Minggu, 09 Oktober 2011

Pemberlakuan PT Secara Nasional Rusak Keberagaman Politik

JAKARTA– Pemberlakuan ambang batas parlemen (Parliamentary Threshold/ PT) secara nasional akan merusak keberagaman politik di daerah. Angka 25% merupakan PT optimal bagi pentas politik nasional.

Peneliti Perkumpulan untuk Pemilu dan Demokrasi (Perludem) August Mellaz mengingatkan memperingatkan atas bahayanya keinginan anggota DPR untuk memberlakukan PT secara nasional. Pemberlakuan PT secara nasional justru menggugurkan keberagaman politik did aerah.

“Ini bisa untuk menyangkal keberagaman yang ada. Kalau dipaksa malah salah,” ujarnya dalam diskusi di Jakarta, Selasa (13/9).

Menurut pantauan Perludem beberapa daerah memiliki warna politik yang berbeda dengan nasional. Di tingkatan tertentu terdapat basis-basis politik.

Partai politik yang meraih PT 2,5% di tingkat nasional belum tentu meraih kekuatan yang sama di daerah. Hanya beberapa partai politik yang berhasil menembus PT yang sama antara pusat dan daerah. Keberhasilan ini pun tidak menyeluruh di semua daerah.

Agus mencontohkan Partai Kebangkitan Nasional Ulama (PKNU) mempunyai kekuatan yang luar biasa di daerah tapal kuda Jawa Timur, Partai Bulan Bintang (PBB) memiliki suara yang signifikan di Bangka Belitung dan Partai Damai Sejahtera (PDS) memiliki dukungan besar di Papua. Seharusnya kekuatan mereka tetap terjaga di DPRD Provinsi dan Kabupaten/Kota.

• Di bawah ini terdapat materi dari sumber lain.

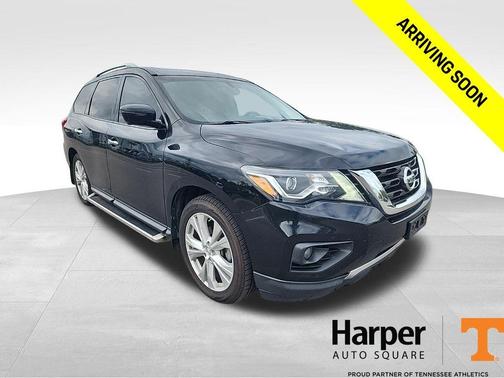2018 Nissan Pathfinder SL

“Mereka seharusnya tetap bisa eksis. Jadi rencana parpol untuk memberlakukan PT nasional ke lokal itu tidak proporsional karena metode itu menghilangkan hak suara pemilu,” jelasnya.

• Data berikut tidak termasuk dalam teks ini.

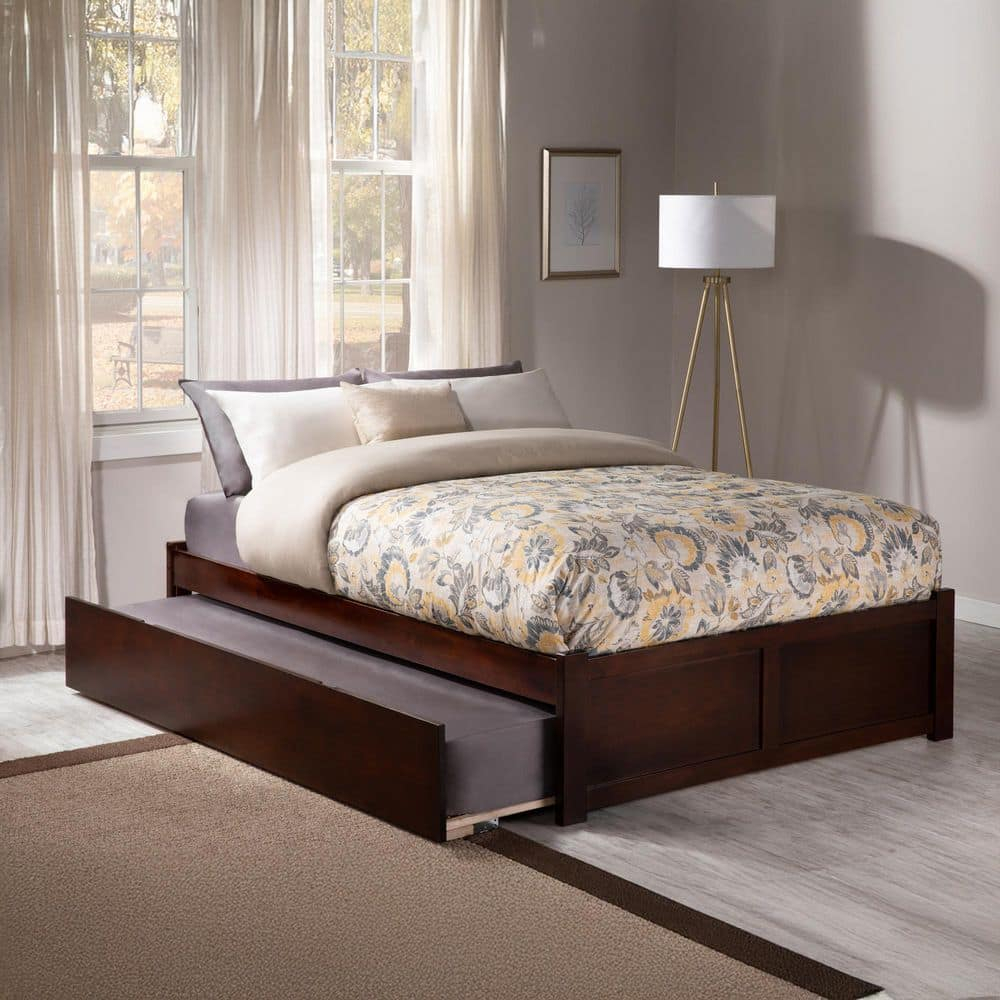 Concord Queen Bed with Footboard and Twin Extra Long Trundle in Walnut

Hasil kajian Perludem menunjukkan bahwa PT optimal yang berlaku di daerah justru mencapai angka 3%. Ia menyatakan angka ini ditunjukkan berdasarkan perhitungan Effective Number of Parliamentary Parties (ENPP).

Penelitian Perludem terhadap 10 DPRD Provinsi dan 10 DPRD Kabupaten/ Kota dengan PT 2,5 % pada partai politik peserta Pemilu 2009 menunjukkan bahwa partai politik yang masuk ke DPRD Provinsi dan Kabupaten/ Kota lebih banyak daripada yang masuk ke DPR.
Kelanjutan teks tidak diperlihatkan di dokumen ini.